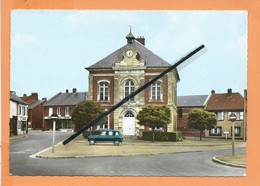 CPSM Grand Format - Hornoy -(80.Somme) - Hôtel De Ville  (Renault 4 L , R4 ) - Hornoy Le Bourg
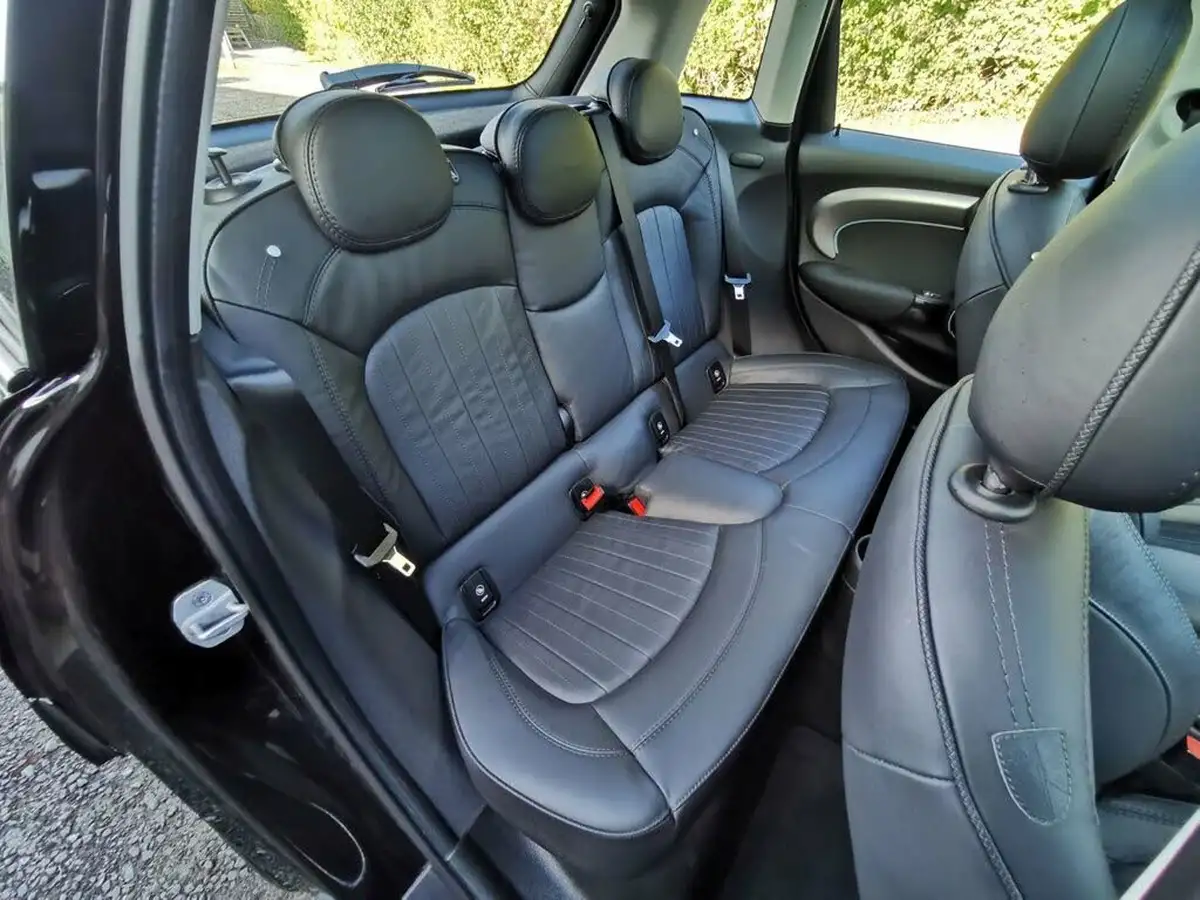 2021-mini-cooper-15-cooper-exclusive-series-ii-hatchback-5d-auto-big-33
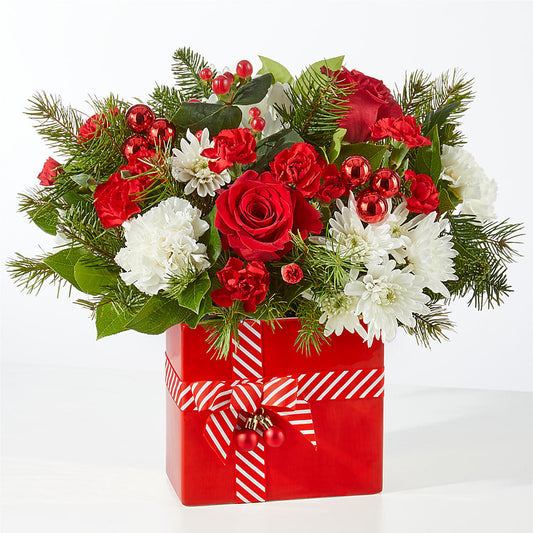 Presents Under the Tree Bouquet – AARON'S FLOWERS, La Vista NE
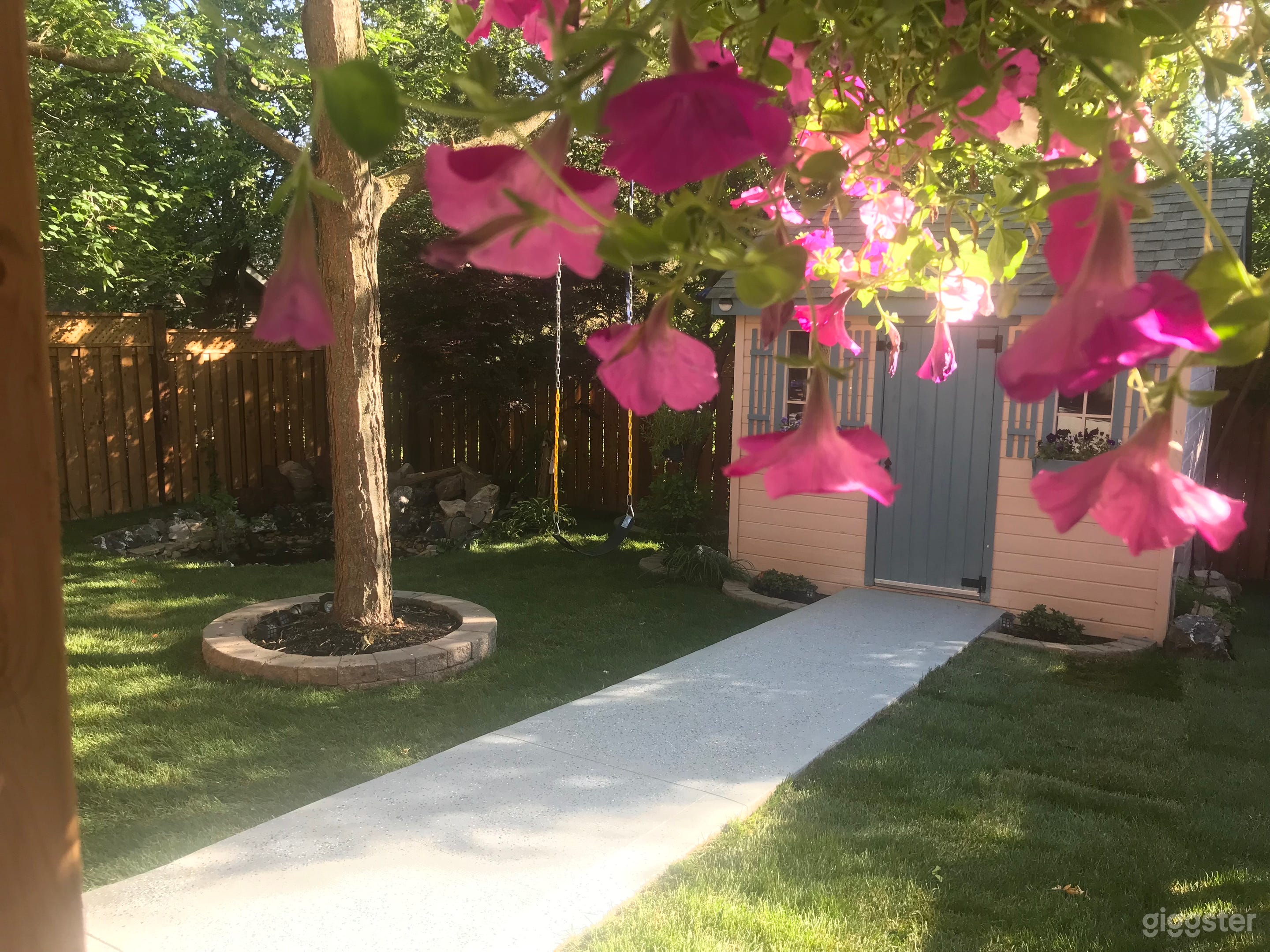 Cozy and peaceful Photo 3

> [Problem]: When you return the listing, keep each line exact and leave the pictures out.

> [Response below]:
 CPSM Grand Format - Hornoy -(80.Somme) - Hôtel De Ville  (Renault 4 L , R4 ) - Hornoy Le Bourg
 2021-mini-cooper-15-cooper-exclusive-series-ii-hatchback-5d-auto-big-33
 Presents Under the Tree Bouquet – AARON'S FLOWERS, La Vista NE
 Cozy and peaceful Photo 3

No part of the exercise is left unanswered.